**PROBLEM STATEMENT**
Without any images, output the records below verbatim.

*** RECORDS SUPPLIED Section Begins ***

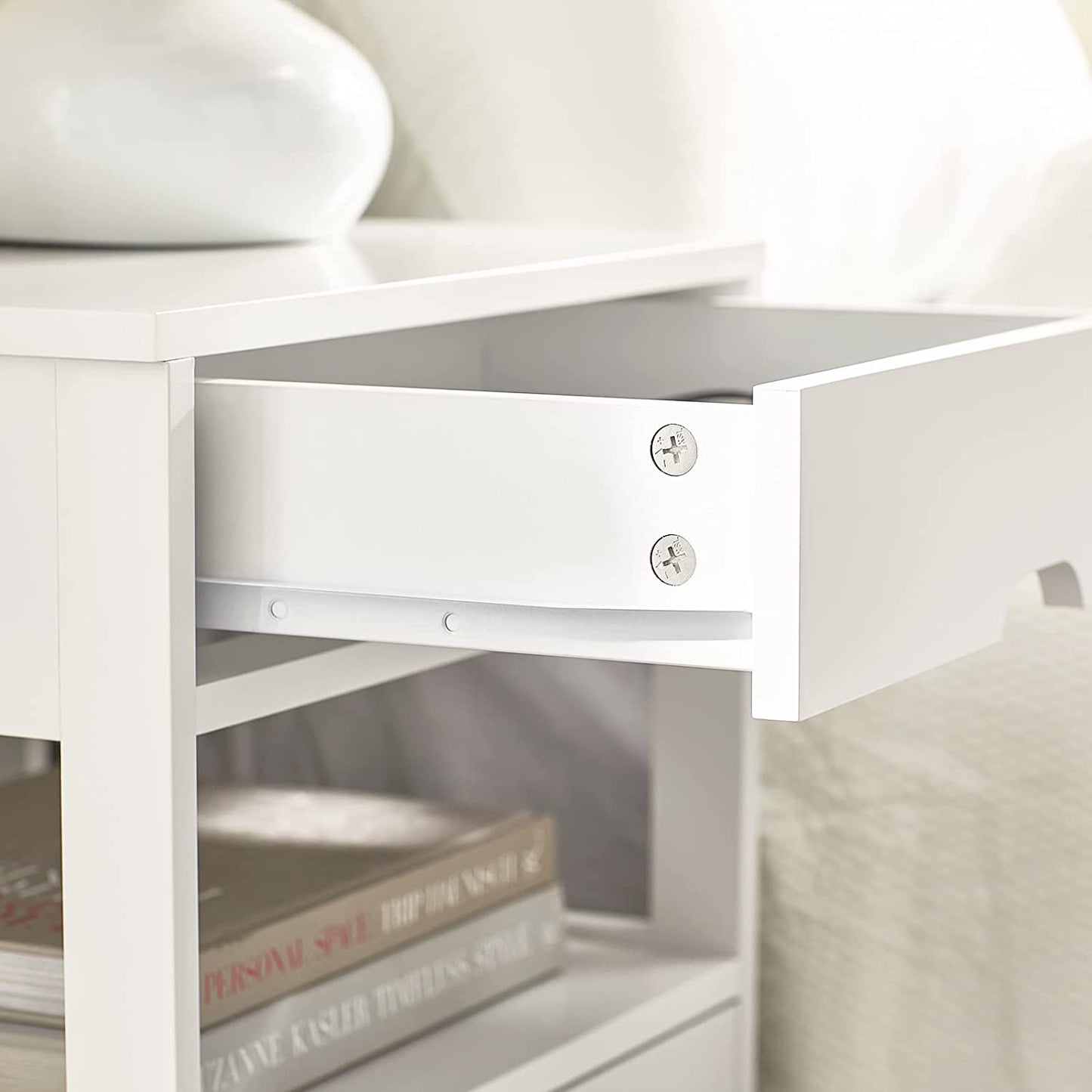 FRG258-W, White Nightstand with 2 Drawers, Bedside Table, End Table, Side Table, Lamp Table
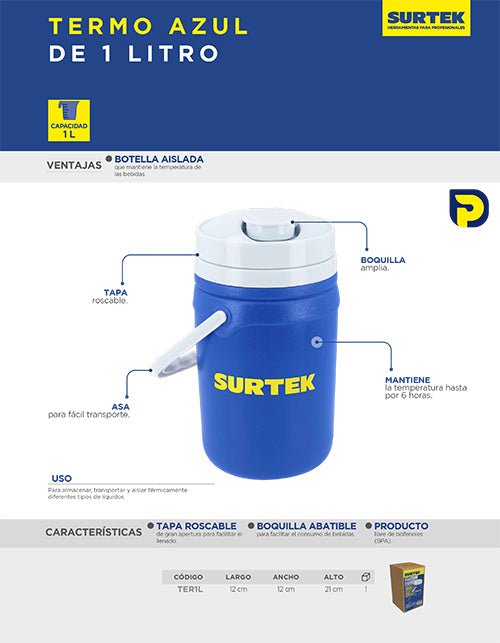 Termo 1Lt, 12 cm x 21 cm Surtek - FERRETERÍA WITZI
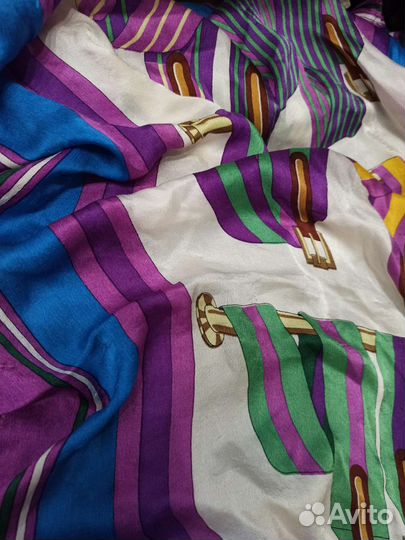 Палантин креповый шелковый hermes италия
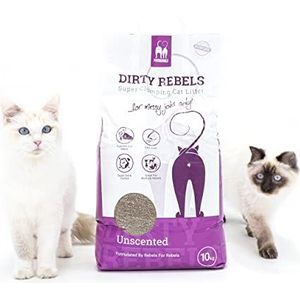 Dirty Rebels Kattenbakvulling - 10 Liter - Geurloos - Klontvormend - 100% Natuurproduct - Premium Kwaliteit van Petrebels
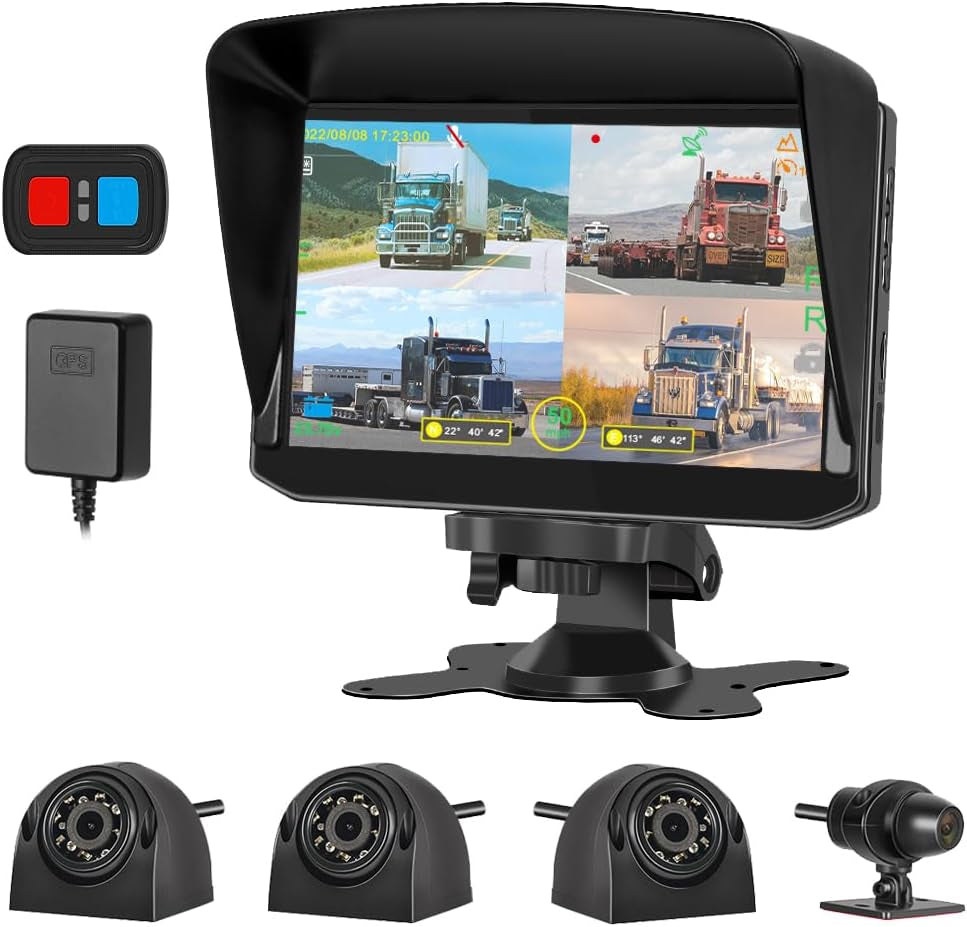 H7 4CH Truck Dash Camera 360 DVR Dash Cam Security Camera System Vehicle Backup Cameras 1080P Front Rear Side View 7.0'' Monitor W/Gps IR Night Vision for RV Semi Truck Trailer Tractor TRUCK DRIVER
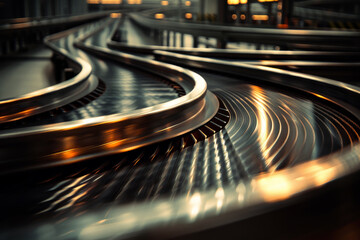 A close-up of a conveyor belt in an industrial factory, the products moving along the belt creating a rhythmic pattern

*** RECORDS SUPPLIED Section Ends ***

**REPLY**
 FRG258-W, White Nightstand with 2 Drawers, Bedside Table, End Table, Side Table, Lamp Table
 Termo 1Lt, 12 cm x 21 cm Surtek - FERRETERÍA WITZI
 Палантин креповый шелковый hermes италия
 Dirty Rebels Kattenbakvulling - 10 Liter - Geurloos - Klontvormend - 100% Natuurproduct - Premium Kwaliteit van Petrebels
 H7 4CH Truck Dash Camera 360 DVR Dash Cam Security Camera System Vehicle Backup Cameras 1080P Front Rear Side View 7.0'' Monitor W/Gps IR Night Vision for RV Semi Truck Trailer Tractor TRUCK DRIVER
 A close-up of a conveyor belt in an industrial factory, the products moving along the belt creating a rhythmic pattern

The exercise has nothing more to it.